Of his reign, the Bible says, ‘Hezekiah…did what was good and right and true before the Lord his God. And in every work that he began in the service of the house of God, in the law and in the commandment, to seek his God, he did it with all his heart. So he prospered.’ 2 Chronicles 31:20, 21
Nevertheless, as we shall see, even the most godly of men, can stumble, if they become proud because of the blessings they have received from God.
The detailed record of the above is found in 2 Chronicles chapter 29-31 and 2 Kings 18:1-8.
Now it came to pass in the fourteenth year of King Hezekiah that Sennacherib king of Assyria came up against all the fortified cities of Judah and took them. Isaiah 36:1
When Hezekiah came to the throne, Judah was paying tribute money to Assyria. Earlier kings of Assyria had defeated Israel. Ahaz had allied himself with an earlier Assyrian king and paid tribute to him. Now Sennacherib came against the northern cities of Judah and Hezekiah humbled himself before Sennacherib and offered to pay tribute money to him. What was demanded was so great, that Hezekiah was had to give silver and gold from the Temple of the Lord.
Then Hezekiah king of Judah sent to the king of Assyria at Lachish, saying, “I have done wrong; turn away from me; whatever you impose on me I will pay.” And the king of Assyria assessed Hezekiah king of Judah three hundred talents of silver and thirty talents of gold. So Hezekiah gave him all the silver that was found in the house of the Lord and in the treasuries of the king’s house. At that time Hezekiah stripped the gold from the doors of the temple of the Lord, and from the pillars which Hezekiah king of Judah had overlaid, and gave it to the king of Assyria. 2 Kings 18:14-16
One wonders what would have happened if Hezekiah had called upon God at this first threat from the Assyrians? We know from earlier chapters in Isaiah (20, 28) that some of his courtiers wanted him to make alliances with Egypt, but Isaiah had warned him not to do so.

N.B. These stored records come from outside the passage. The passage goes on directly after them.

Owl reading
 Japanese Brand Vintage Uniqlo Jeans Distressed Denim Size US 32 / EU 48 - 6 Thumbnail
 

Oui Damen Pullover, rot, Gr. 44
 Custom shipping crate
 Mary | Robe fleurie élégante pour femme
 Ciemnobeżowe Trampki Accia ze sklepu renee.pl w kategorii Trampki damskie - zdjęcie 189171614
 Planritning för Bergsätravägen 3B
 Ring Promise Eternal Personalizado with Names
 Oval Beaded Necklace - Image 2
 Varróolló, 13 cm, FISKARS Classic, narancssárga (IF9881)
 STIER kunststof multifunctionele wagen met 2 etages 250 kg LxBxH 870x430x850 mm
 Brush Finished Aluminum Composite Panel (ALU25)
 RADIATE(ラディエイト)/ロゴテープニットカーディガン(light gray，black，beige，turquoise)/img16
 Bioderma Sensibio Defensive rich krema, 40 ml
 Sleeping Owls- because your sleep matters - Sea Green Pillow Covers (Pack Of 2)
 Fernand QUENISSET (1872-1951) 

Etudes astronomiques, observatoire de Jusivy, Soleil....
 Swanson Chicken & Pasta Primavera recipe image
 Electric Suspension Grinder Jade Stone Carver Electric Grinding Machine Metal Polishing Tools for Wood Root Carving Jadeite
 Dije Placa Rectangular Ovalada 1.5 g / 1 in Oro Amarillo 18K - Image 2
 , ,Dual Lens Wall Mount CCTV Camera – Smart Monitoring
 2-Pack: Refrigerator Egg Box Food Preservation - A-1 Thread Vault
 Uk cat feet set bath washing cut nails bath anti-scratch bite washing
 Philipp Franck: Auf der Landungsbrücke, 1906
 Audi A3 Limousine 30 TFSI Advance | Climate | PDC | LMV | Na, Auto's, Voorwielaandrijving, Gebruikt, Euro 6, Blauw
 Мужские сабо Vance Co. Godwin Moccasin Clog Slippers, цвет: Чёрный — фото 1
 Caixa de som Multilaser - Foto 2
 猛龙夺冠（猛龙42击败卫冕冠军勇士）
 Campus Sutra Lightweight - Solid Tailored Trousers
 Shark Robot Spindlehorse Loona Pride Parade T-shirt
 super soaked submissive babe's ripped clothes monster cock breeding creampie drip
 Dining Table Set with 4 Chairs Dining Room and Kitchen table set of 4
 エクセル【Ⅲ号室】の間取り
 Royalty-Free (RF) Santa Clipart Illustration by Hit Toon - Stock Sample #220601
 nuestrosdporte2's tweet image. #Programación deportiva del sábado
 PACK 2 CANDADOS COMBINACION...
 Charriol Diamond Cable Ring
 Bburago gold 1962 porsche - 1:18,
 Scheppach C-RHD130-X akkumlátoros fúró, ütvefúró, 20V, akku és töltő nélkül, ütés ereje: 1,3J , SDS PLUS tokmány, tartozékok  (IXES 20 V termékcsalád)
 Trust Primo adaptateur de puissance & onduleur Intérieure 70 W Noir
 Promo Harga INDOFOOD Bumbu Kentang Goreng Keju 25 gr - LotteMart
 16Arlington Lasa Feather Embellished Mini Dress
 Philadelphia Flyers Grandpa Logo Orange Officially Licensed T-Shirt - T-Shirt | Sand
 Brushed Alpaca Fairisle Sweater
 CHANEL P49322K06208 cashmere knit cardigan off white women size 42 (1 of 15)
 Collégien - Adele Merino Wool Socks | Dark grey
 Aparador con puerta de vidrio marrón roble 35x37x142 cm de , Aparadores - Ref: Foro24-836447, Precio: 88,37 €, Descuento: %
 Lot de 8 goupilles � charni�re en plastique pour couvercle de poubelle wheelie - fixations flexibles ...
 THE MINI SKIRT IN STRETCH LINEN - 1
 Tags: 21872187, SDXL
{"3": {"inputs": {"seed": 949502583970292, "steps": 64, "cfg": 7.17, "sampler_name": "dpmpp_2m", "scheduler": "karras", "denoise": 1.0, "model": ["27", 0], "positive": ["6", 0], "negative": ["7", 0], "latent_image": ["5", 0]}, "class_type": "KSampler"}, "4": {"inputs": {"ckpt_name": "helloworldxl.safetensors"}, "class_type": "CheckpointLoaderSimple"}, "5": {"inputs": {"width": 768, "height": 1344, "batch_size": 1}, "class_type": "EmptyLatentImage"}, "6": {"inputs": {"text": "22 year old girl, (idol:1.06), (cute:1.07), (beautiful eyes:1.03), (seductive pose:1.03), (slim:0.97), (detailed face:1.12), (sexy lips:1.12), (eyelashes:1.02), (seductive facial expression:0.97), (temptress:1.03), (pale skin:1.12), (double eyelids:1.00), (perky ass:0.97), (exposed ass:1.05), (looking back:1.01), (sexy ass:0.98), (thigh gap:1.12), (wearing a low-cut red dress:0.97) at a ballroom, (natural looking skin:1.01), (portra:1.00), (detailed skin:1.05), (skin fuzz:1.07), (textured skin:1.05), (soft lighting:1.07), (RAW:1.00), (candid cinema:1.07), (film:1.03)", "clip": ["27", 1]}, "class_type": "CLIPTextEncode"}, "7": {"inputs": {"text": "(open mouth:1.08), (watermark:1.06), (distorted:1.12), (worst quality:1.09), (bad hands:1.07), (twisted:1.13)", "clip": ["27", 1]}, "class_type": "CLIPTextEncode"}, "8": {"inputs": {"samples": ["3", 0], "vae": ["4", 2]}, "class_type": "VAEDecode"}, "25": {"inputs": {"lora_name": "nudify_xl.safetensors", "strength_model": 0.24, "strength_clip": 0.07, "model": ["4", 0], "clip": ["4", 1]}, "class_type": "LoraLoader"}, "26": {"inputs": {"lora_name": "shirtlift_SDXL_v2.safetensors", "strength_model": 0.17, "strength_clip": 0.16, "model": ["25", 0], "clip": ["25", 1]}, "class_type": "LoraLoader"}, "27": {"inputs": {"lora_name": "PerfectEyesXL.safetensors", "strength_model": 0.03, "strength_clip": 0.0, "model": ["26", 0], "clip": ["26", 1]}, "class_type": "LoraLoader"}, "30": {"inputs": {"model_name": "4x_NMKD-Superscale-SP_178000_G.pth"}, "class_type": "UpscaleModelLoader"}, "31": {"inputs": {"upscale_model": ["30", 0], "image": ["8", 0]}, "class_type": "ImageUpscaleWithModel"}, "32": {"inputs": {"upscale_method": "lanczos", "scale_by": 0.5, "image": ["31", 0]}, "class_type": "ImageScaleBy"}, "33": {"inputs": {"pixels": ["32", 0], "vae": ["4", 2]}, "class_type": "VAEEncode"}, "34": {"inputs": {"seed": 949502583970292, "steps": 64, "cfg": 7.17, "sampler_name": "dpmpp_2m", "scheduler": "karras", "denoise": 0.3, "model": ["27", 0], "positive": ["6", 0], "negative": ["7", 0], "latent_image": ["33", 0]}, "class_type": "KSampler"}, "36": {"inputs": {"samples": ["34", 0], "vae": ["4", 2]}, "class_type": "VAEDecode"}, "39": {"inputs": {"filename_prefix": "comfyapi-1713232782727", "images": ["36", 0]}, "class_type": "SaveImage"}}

Despite receiving the gold and silver, Sennacherib acted treacherously and sent his army to Jerusalem to besiege the city. They came as far as Lachish, a town 30 miles to the south-west of Jerusalem.
Hezekiah then made arrangements to defend the city against siege by having a permanent water supply and cutting off the water supply to the enemy.
Propaganda: Isaiah 36:2-20
‘Rabshakeh’ was a title given to a high state official, probably the field commander in this context. He comes up to the water supply of the city. Eliakim the son of Hilkiah, who was over the household, Shebna the scribe, and Joah the son of Asaph, the recorder, came out to him. Rabshakeh sends an arrogant message to King Hezekiah. In his message we see the words of Satan himself, the mind behind all ungodly nations who rebel against God. Rabshakeh was a mouthpiece of the great enemy of God’s people. How often does Satan come to us and trouble us with similar claims:
The gist of the message is:
- Egypt cannot help you…You are trusting in the staff of this broken reed, Egypt, on which if a man leans, it will go into his hand and pierce it. So is Pharaoh king of Egypt to all who trust in him. 36:6
It is true that Egypt cannot help Judah. But the message is not to help Judah but to demoralise her. Doesn’t Satan always tell us the truth… ‘You are a helpless and hopeless sinner’? But he doesn’t do it to drive us to Jesus who is our only hope. He does it to demoralise us and drive us to despair.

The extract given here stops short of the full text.